FELICISSIMUS, FELICITAS, (Littérature) en français heureux, très-heureux, etc. titres fréquents dans les monuments publics des Romains, adoptés d'abord par Sylla, prodigués ensuite aux empereurs, et qu'enfin les villes, les provinces et les colonies les plus malheureuses, dépendantes de l'empire, eurent la bassesse de s'appliquer, pour ne pas déplaire aux souverains de Rome.

Ajoutons même qu'entre les différents titres qui se lisent sur les monuments antiques, celui de felix ou felicitas, est un de ceux qui s'y trouvent le plus souvent. Sylla, le barbare Sylla, que la fortune combla de ses faveurs jusqu'à la mort, quoique sa cruauté l'en eut rendu très-indigne, fut le premier des Romains qui prit le nom de felix, heureux.

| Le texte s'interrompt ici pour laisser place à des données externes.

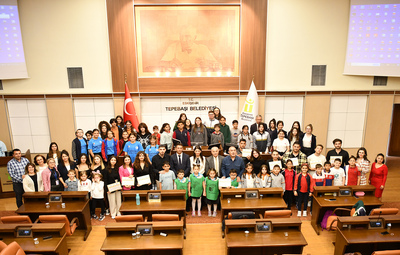 EKO-OKULLAR'DAN DÜNYA İKLİM GÜNÜ ÇALIŞTAYI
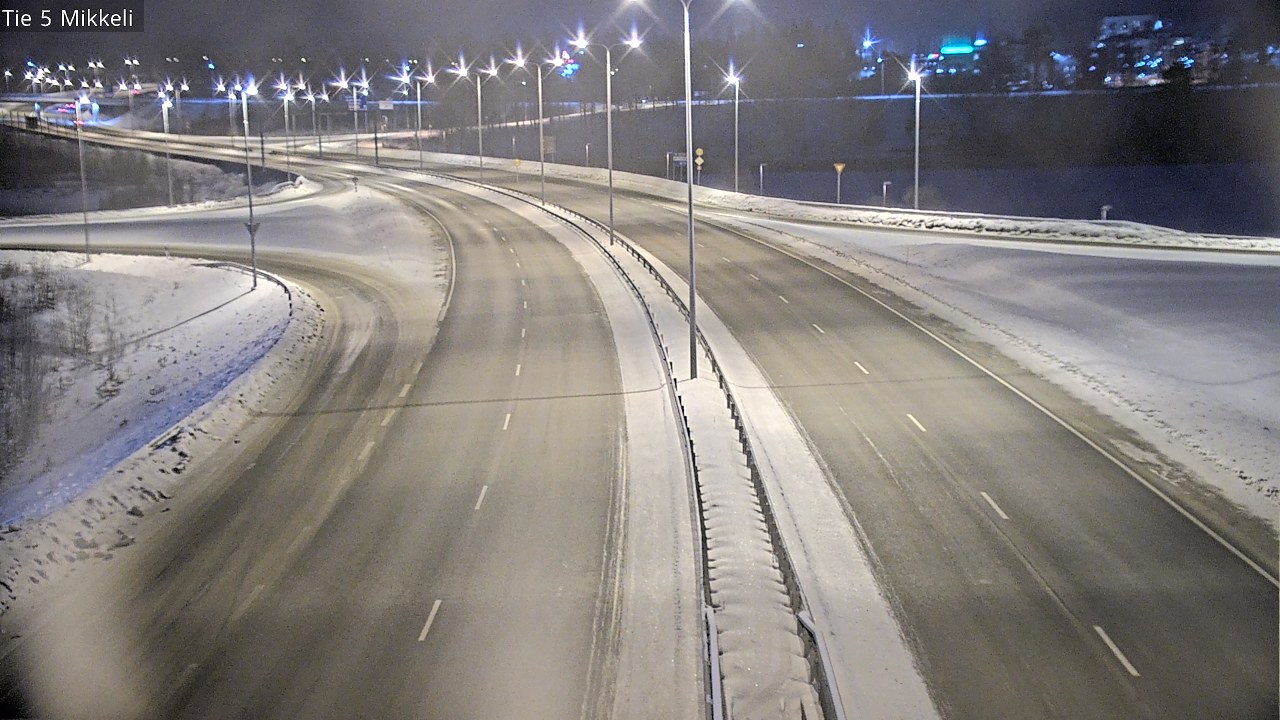 Kelikamerat Kuva Tie 5 Mikkeli, Mikkeli, Etelä-Savo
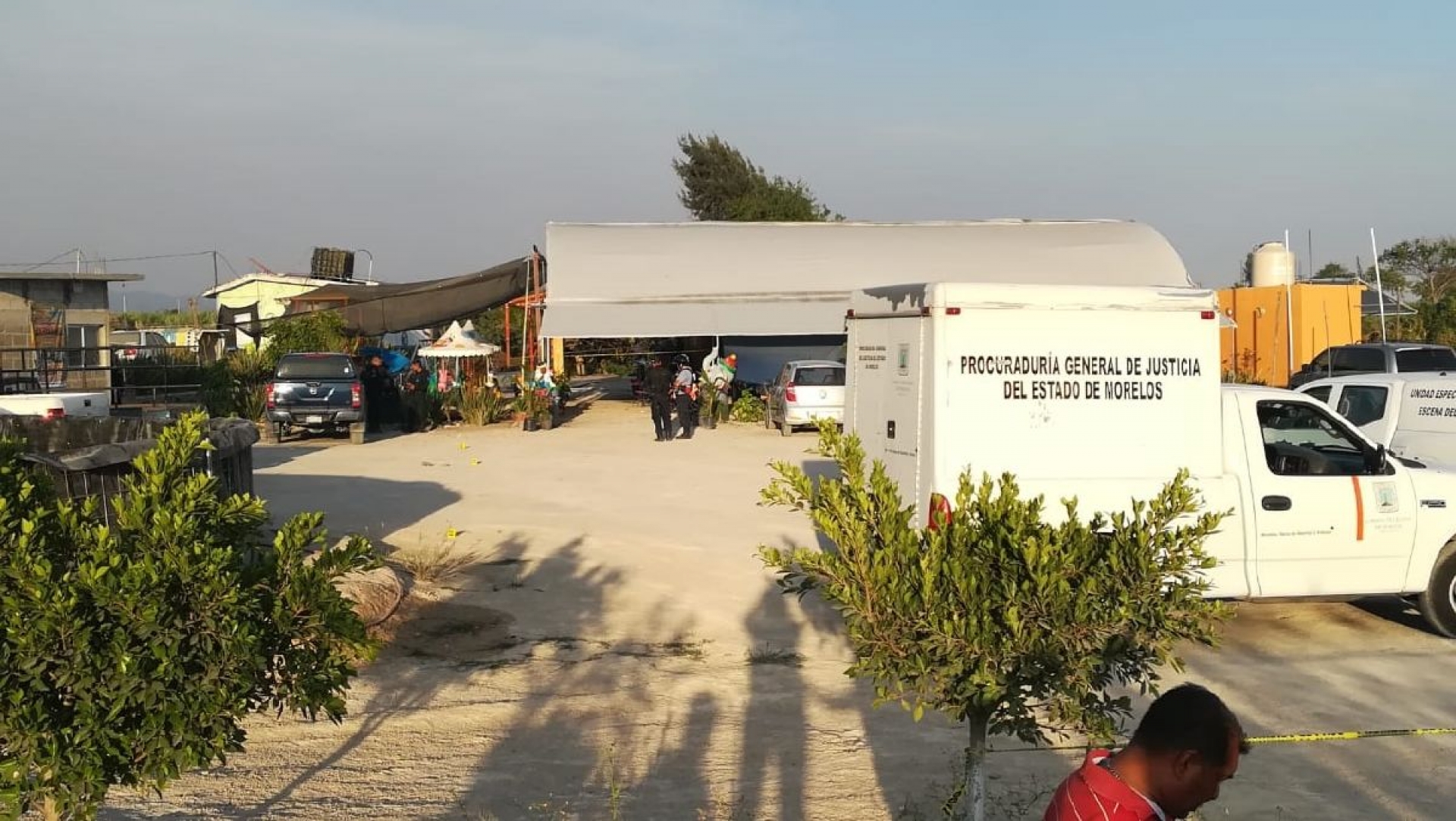 VIDEO: Ataque a restaurante deja 4 muertos y 10 heridos
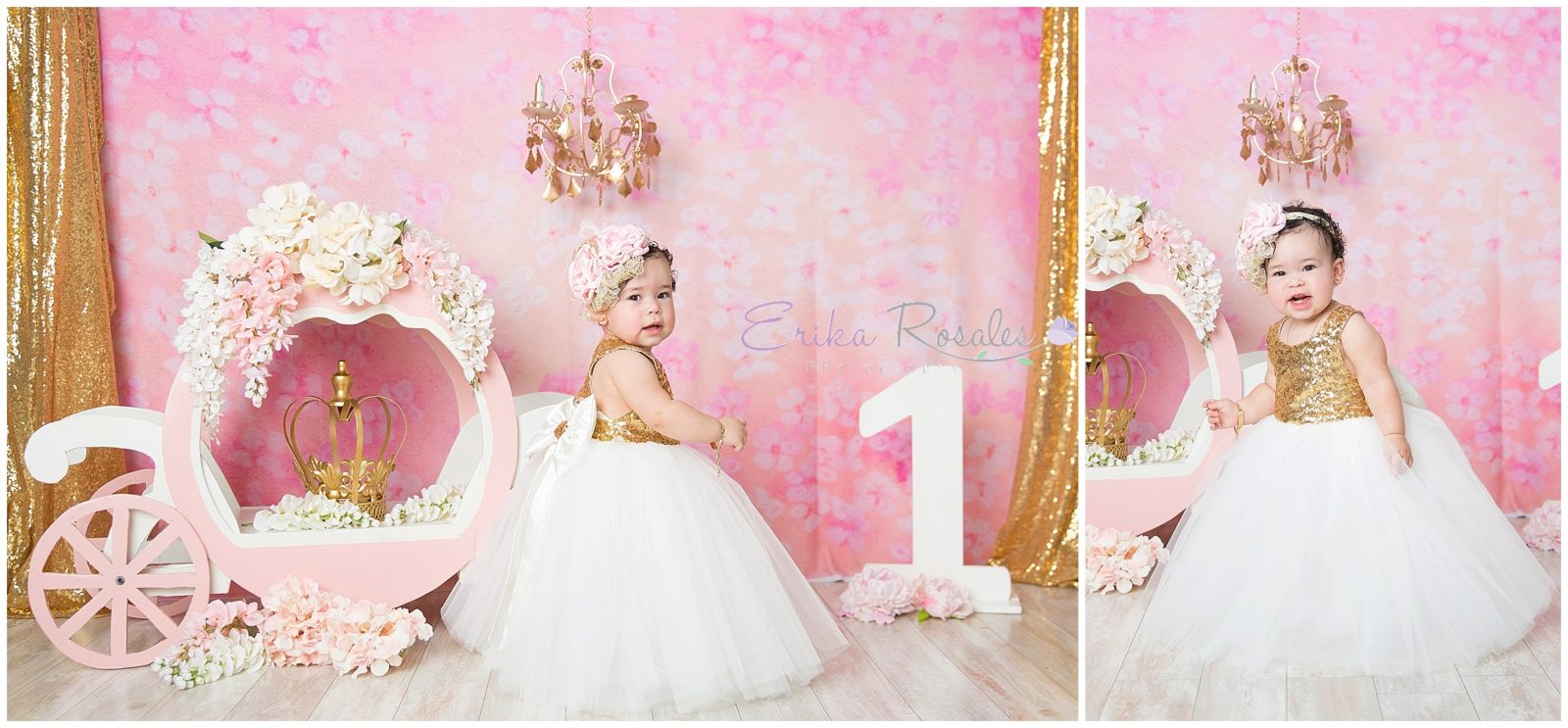 Erika Rosales New York Photo Studio | Family Portrait Studio in Bronx NY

Mais à qui ou à quoi dans la suite ne prodigua-t-on pas faussement ce glorieux titre de felix ou de felicitas ? Il fut attribué au triste temps présent, felicitas temporis, felix temporum reparatio ; au siècle infortuné, saeculi felicitas : au sénat abattu, au peuple romain asservi, felicitas populi romani ; à Rome malheureuse, romae felici ; à l'empire consterné sous Macrin, ce vil gladiateur et chasseur de bêtes sauvages, felicitas imperii ; à toute la terre gémissante, felicitas orbis ; mais surtout aux plus infâmes empereurs, depuis que Commode prince détestable, et détesté de tout l'Univers, se le fut approprié.

On donna même à ses successeurs le titre de felicissimus, dans le bas-empire ; la mode s'était alors introduite de porter au superlatif la plupart des titres, à proportion qu'ils étaient le moins mérités, beatissimus, nobilissimus, piissimus.

A l'exemple de l'état romain et des empereurs, quantité de colonies se piquèrent de se dire heureuses sur leurs monnaies, par adulation pour les princes regnans dont elles voulaient tâcher de gagner les bonnes grâces, en se vantant de jouir d'une félicité qu'elles étaient bien éloignées de posséder. Il suffit pour s'en convaincre de se rappeler qu'entre les colonies qui prirent le titre de felix, les médailles nomment Carthage et Jérusalem.

Les provinces, à l'imitation des villes, affectèrent aussi sur leurs monuments publics, de se proclamer heureuses. La Dace publie qu'elle est heureuse sous Marc-Jules-Philippe : oui, Dacia felix se trouve sur les médailles frappées sous le règne de cet arabe, qui parvint au trône par le brigandage et le poison.

Enfin pour abréger, l'on poussa la bassesse sous Commode, jusqu'à faire graver sur les médailles de ce monstre dont j'ai déjà parlé, que le monde était heureux d'être sous son empire : .

C'en est assez pour qu'on puisse apprécier dans l'occasion les monuments de ce genre à leur juste valeur ; car les excès de la flatterie sont et seront toujours en raison de la servitude. Cicéron a si bien connu cette vérité, quand il nous peint les Asiatiques en ces mots ; diuturnâ servitute ad nimiam ascentationem eruditi. Article de M. le Chevalier DE JAUCOURT.